En aquel tiempo,
cuando salía Jesús al camino, se le acercó uno corriendo, se arrodilló y le
preguntó: –Maestro bueno, ¿qué haré para heredar la vida eterna? (Mc 10, 17).
Jesús, acabas de bendecir a los niños de aquel pueblo. Se te hace
tarde y tienes que irte. Te acompañan los lugareños, cuando de repente aparece
el hombre-bala: se le acercó uno corriendo, se arrodilló…. Jesús, no sé, pero
cuando considero la actitud del joven rico me parece cada vez más falsa.

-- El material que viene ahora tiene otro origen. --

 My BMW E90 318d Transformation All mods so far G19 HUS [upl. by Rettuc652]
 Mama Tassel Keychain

Sobreactúa, es teatrero. Recuerda a lo que hacen algunos delanteros para
celebrar un gol: van corriendo al corner y se deslizan de rodillas sobre la
hierba... ¿Pero por qué espera a que salgas de la ciudad? ¿No pudo hablar antes
contigo de forma más discreta? Eso de ir corriendo y ponerse de rodillas,
montar el numerito me parece algo forzado.
Jesús,
que no haga teatro contigo y te pregunte con sinceridad.
Todo esto lo he
guardado —le dijo el joven— ¿Qué me falta aún? (Mt 19, 20).

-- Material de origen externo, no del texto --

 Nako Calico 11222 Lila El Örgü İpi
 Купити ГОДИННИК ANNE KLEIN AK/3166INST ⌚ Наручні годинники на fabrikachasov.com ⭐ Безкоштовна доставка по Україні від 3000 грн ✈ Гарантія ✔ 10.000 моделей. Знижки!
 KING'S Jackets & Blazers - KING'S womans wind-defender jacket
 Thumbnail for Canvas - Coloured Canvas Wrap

En el fondo el chico lo que buscaba era quedar bien. Está
orgulloso de sí mismo, le gusta ser el centro de la atención y lo manifiesta
claramente: ¿Cuáles?... ¿Qué me falta aún?... –Maestro, todo eso lo he cumplido
desde pequeño. Pobre. No estaba preparado para seguir a Cristo. Es el peligro
de reducir la fe a cumplir mandamiento. Jesús, sin darme cuenta yo también
pretendo comprarte cumpliendo mandamientos.
Dile
a Jesús que la cosa más monstruosa es un cumple-mandamientos.
Propósito: no ser un
cumple-mandamientos, que sea generoso.